──────── Records for this task ────────
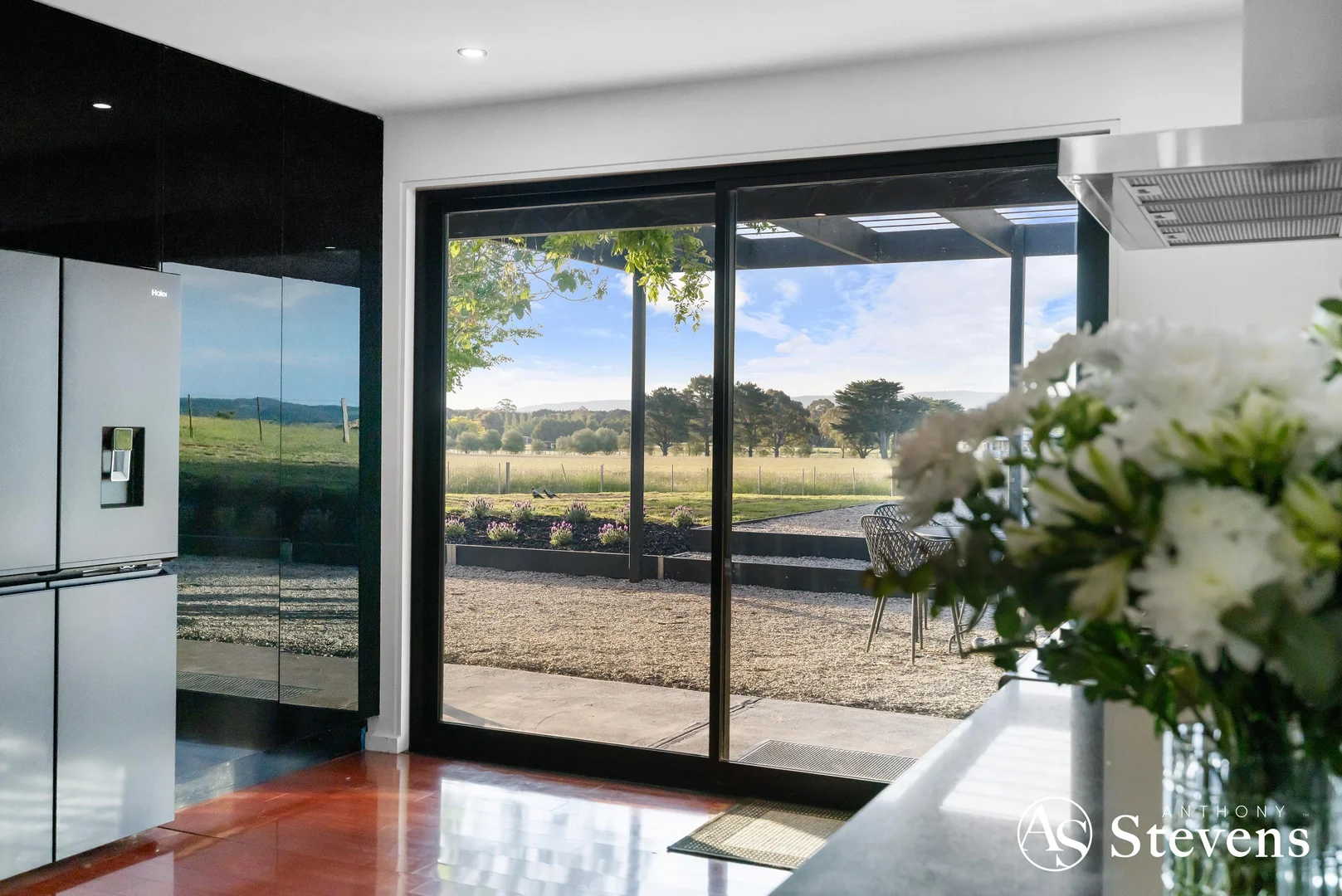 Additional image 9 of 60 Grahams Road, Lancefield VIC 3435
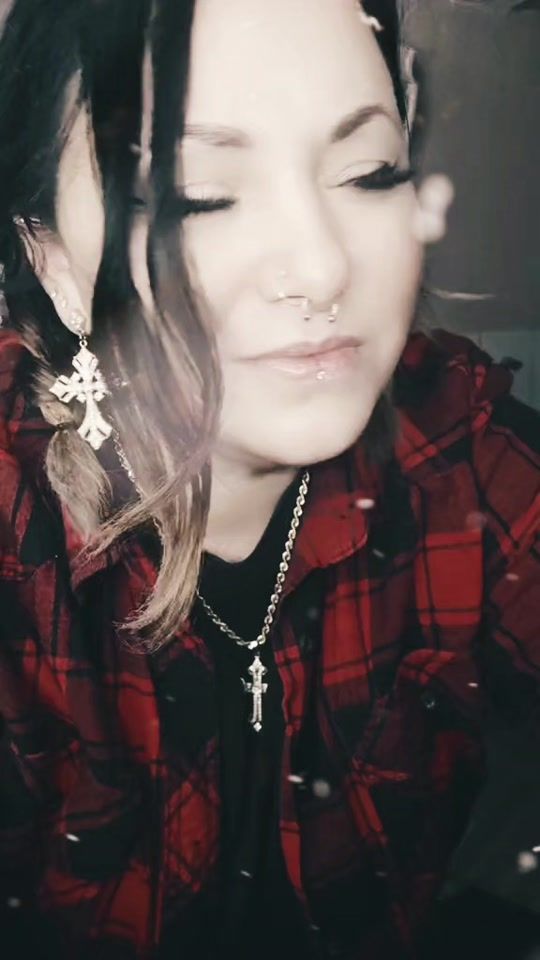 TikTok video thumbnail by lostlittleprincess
────────
──────── Records for this task ────────
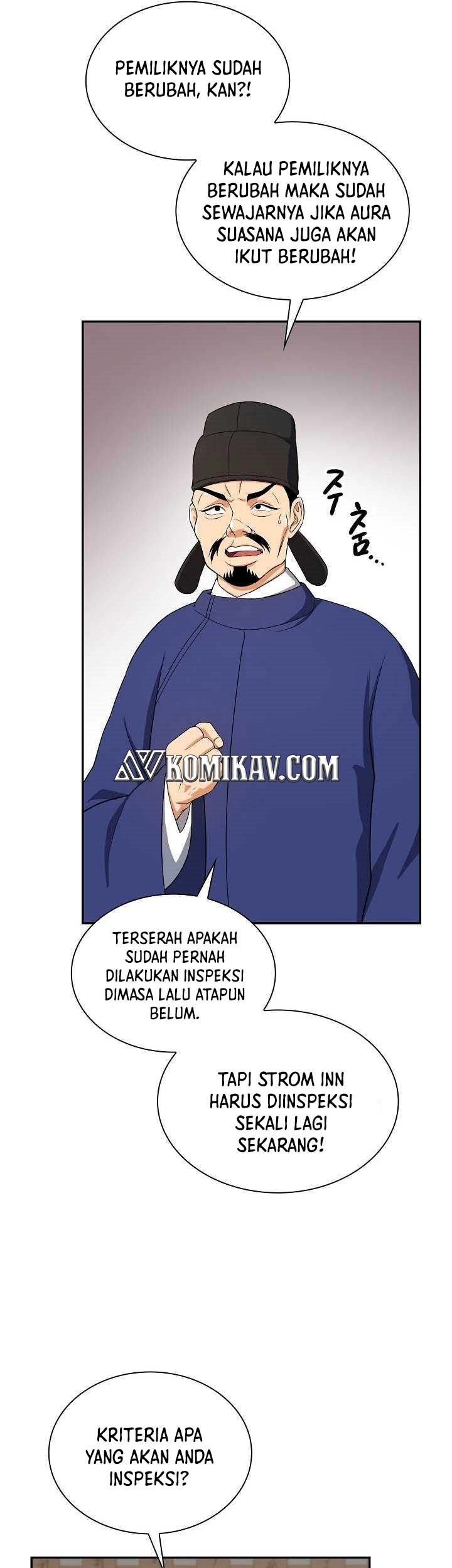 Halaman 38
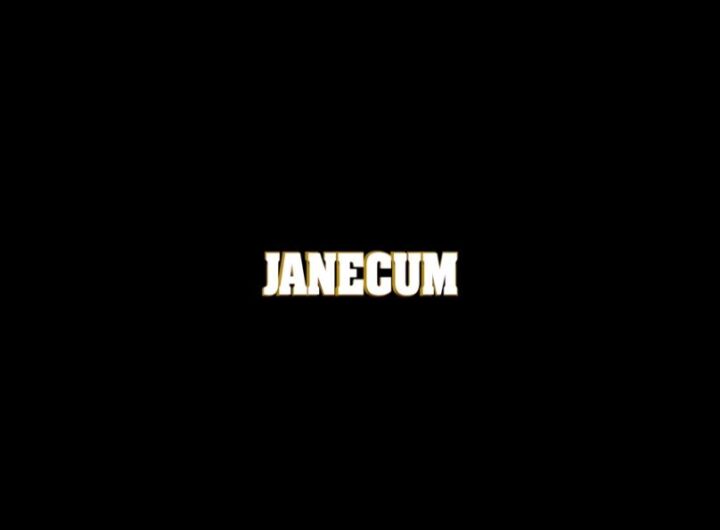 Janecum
────────
──────── Records for this task ────────
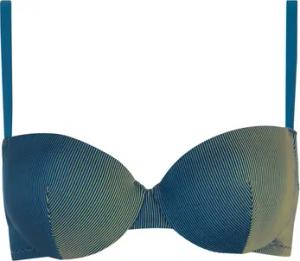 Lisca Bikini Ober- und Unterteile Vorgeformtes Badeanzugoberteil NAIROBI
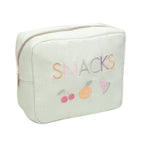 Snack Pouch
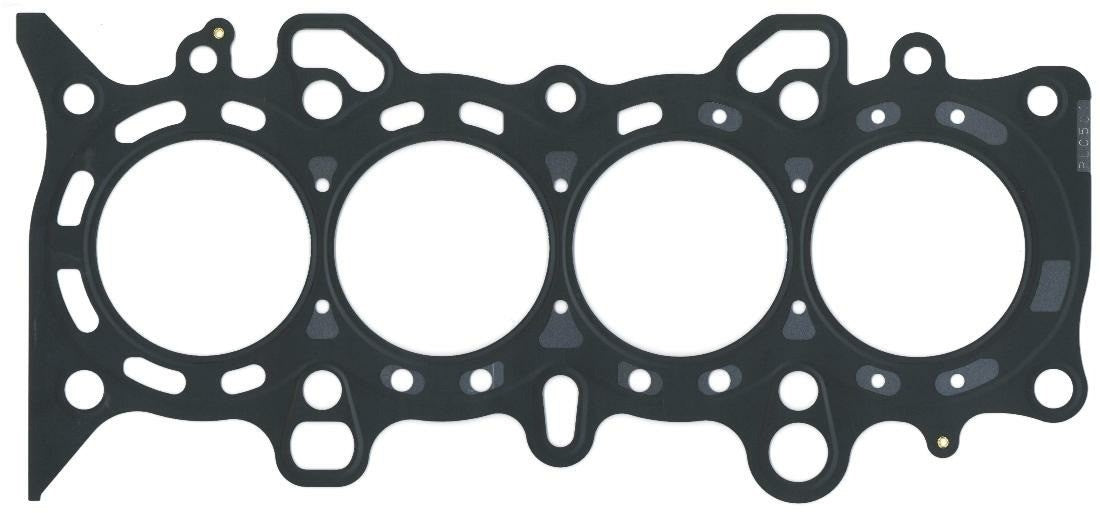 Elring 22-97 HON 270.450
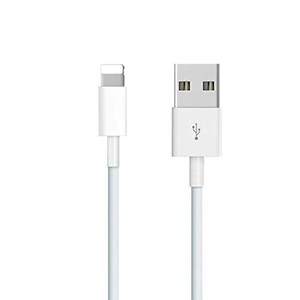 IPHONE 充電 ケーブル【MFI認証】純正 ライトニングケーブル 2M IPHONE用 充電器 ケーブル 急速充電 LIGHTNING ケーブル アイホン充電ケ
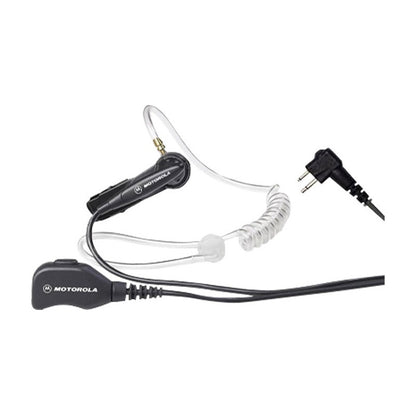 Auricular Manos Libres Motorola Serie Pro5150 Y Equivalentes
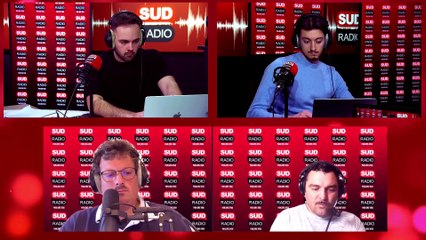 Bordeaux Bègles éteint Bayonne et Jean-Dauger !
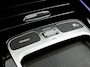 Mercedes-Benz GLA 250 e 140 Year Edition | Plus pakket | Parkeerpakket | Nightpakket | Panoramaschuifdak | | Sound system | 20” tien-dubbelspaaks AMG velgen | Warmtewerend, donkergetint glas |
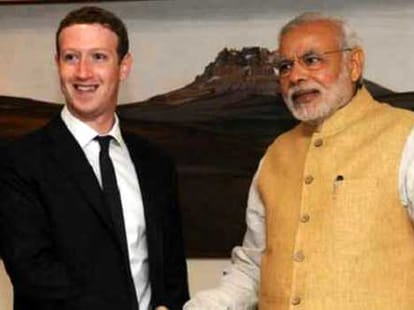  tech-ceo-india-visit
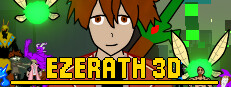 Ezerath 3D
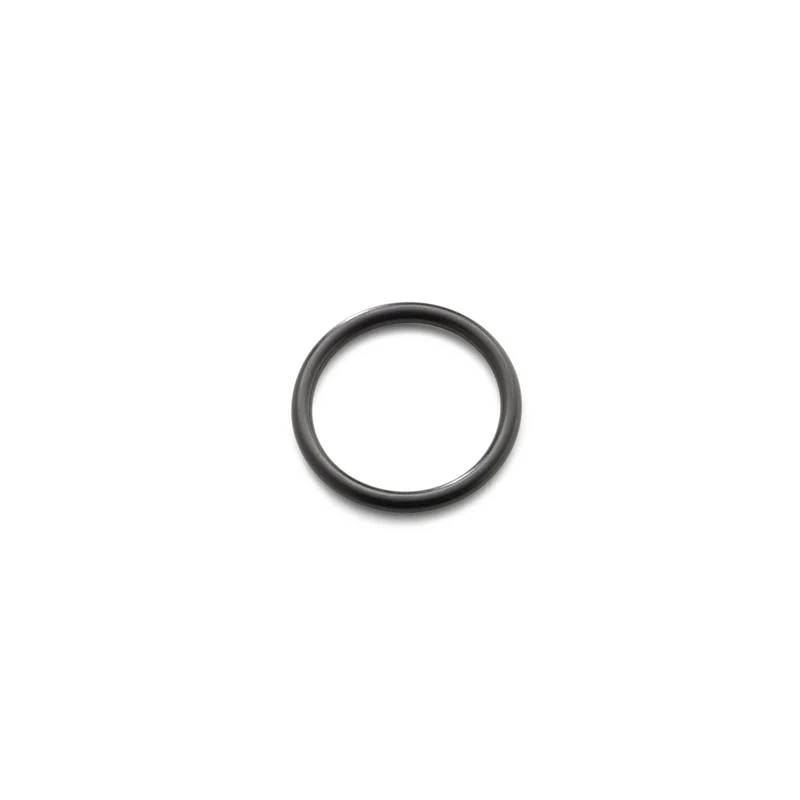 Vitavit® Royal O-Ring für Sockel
────────
▶ [What to produce]: An exact copy is needed of the stretch above that opens with the line containing "Additional image 9" and closes with the line containing "TikTok video thumbnail by lostlittleprincess"; the pictures are not part of it.

▶ [Answer area]:
 Additional image 9 of 60 Grahams Road, Lancefield VIC 3435
 TikTok video thumbnail by lostlittleprincess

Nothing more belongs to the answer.